C’est fait ! Le régime cachottier et manœuvrier du Yoonu Yokkuté, profitant de ce que les citoyens sénégalais étaient occupés à préparer le Magal et les fêtes de fin d’année, a subrepticement fait adopter par l’Assemblée Nationale, le jeudi 19 décembre dernier, le report des élections locales initialement prévues en mars 2014. Les députés de la Coalition Bennoo Bokk Yakaar, ont également adopté, au cours de la même séance, le projet de loi n°21/2013 portant Code général des Collectivités locales. Faisant table rase des conclusions des Assises Nationales et des travaux de la CNRI en cours, le gouvernement sénégalais a préféré aller s’inspirer de la nouvelle réforme territoriale française dénommée elle aussi acte III de la décentralisation (est-ce un pur hasard ?), pour tenter de résoudre la crise avérée du processus de décentralisation dans notre pays.

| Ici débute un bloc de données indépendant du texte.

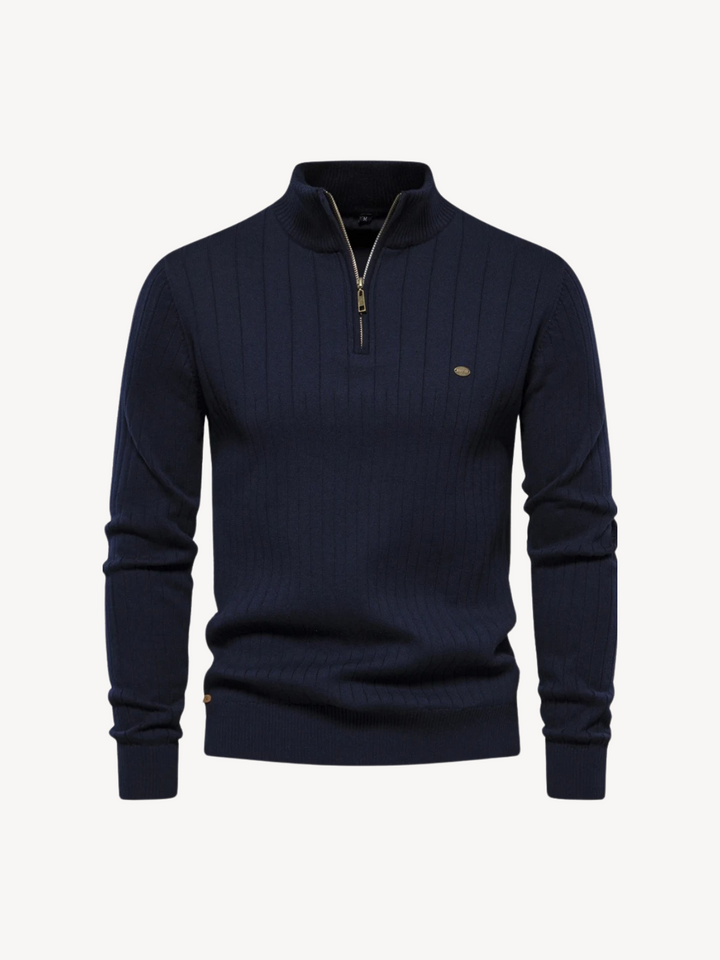 Levoire | Pull À Col Zippé Quart Bleu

LE PROCESSUS DE DECENTRALISATION ENTRE HERITAGE COLONIAL ET APPROCHES POLITICIENNES
Les tares de notre décentralisation, au-delà d’indéniables problèmes d’aménagement du territoire dans notre pays après 1960, découlent, en réalité, depuis le début, c’est-à-dire dès la période coloniale, de distorsions d’une organisation administrative centrée plus sur un modèle d’économie de traite que sur des ambitions pour une véritable croissance économique et un développement territorial multisectoriel. L’avènement de l’indépendance formelle, loin de corriger les tares du système colonial a vu la mise en œuvre de différentes phases du processus de décentralisation qui n’ont jamais eu pour finalité de faire des collectivités locales des moteurs d’un développement multisectoriel. Il s’agissait, tantôt de désamorcer un malaise paysan, tantôt de faire des collectivités locales des appendices du Parti-Etat, dans une optique de clientélisme politicien et partisan. Souvenons-nous des irrégularités massives, qui avaient entaché le déroulement des élections locales de novembre 1996, qui s’étaient tenues dans un contexte multipartisan et qui ont consacré non seulement le transfert de certaines compétences aux collectivités locales mais aussi l’érection de la Région en nouvelle collectivité territoriale. Ces fraudes électorales avaient compromis l’appropriation par les masses populaires de ce qui est aujourd’hui caractérisé, à postériori, comme étant l’acte 2 de la décentralisation, car il apparaissait évident depuis lors, que l’essence de tout processus de décentralisation devrait être une responsabilisation véritable des communautés de base, ce qui devait passer par une réelle représentativité des assemblées délibérantes. Il y eut ensuite, après la première alternance démocratique de 2000, l’amendement Moussa Sy, qui outre le report de la date des locales de 2001 à 2002, aura pour conséquence d’installer des délégations spéciales en lieu et place des organes délibérants et exécutifs de toutes les collectivités locales, avec l’arrière-pensée politicienne de conquérir le dernier bastion institutionnel encore aux mains de la majorité socialiste sortante.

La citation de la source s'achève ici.